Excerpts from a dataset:

--------------------

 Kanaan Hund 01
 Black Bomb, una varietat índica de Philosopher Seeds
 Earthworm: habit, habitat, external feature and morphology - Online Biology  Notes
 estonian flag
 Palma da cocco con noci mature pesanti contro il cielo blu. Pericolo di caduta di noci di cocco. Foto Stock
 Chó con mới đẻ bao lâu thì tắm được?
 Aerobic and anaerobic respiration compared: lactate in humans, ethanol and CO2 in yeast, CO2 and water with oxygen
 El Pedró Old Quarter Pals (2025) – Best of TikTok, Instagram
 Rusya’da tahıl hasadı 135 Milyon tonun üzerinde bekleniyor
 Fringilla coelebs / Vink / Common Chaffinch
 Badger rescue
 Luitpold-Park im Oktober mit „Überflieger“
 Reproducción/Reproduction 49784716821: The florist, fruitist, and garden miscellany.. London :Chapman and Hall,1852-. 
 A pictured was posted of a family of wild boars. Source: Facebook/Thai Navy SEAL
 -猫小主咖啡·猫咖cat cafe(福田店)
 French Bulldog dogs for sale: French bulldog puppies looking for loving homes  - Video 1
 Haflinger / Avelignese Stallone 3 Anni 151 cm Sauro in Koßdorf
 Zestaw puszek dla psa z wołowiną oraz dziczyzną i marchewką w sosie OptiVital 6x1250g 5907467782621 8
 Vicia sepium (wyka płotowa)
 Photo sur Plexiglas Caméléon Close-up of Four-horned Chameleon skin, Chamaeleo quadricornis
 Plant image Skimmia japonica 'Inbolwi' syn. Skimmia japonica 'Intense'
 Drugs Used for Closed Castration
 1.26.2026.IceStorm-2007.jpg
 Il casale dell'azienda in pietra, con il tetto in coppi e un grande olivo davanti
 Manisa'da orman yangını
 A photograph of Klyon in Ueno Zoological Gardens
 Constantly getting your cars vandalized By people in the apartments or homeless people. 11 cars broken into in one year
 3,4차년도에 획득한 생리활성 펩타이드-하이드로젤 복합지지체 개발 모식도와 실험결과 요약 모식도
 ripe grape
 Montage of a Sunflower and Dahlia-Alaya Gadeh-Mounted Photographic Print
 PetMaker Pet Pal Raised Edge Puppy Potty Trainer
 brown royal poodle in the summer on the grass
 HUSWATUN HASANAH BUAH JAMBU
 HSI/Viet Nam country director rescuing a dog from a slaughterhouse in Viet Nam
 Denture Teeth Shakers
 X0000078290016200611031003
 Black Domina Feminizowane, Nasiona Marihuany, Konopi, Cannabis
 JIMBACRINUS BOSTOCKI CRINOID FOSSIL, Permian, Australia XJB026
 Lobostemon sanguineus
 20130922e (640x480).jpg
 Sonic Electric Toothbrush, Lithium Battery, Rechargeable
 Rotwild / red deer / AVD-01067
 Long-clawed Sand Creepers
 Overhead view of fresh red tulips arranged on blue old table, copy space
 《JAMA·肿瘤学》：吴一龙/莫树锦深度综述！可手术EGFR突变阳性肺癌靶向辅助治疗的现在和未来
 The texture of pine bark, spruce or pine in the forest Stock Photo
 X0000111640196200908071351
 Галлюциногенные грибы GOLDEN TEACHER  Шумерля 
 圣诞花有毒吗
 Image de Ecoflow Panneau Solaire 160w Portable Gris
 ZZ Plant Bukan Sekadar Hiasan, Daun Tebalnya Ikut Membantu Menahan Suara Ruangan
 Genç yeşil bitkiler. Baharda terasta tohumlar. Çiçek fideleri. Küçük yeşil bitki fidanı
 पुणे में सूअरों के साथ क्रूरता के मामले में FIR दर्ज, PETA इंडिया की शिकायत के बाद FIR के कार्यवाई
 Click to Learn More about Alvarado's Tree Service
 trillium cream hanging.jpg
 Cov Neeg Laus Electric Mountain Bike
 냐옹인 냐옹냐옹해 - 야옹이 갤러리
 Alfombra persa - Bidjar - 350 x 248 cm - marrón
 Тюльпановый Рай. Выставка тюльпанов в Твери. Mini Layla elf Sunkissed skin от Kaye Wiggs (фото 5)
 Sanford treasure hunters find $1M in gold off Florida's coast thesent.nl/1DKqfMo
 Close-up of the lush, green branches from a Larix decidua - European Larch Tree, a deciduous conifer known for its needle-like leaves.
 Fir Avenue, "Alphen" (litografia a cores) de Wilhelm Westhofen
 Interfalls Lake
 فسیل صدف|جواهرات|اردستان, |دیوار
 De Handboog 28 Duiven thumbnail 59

--------------------

Task objective: Count how many lines above carry the word "Plant". Only the number is required.

Written solution: 2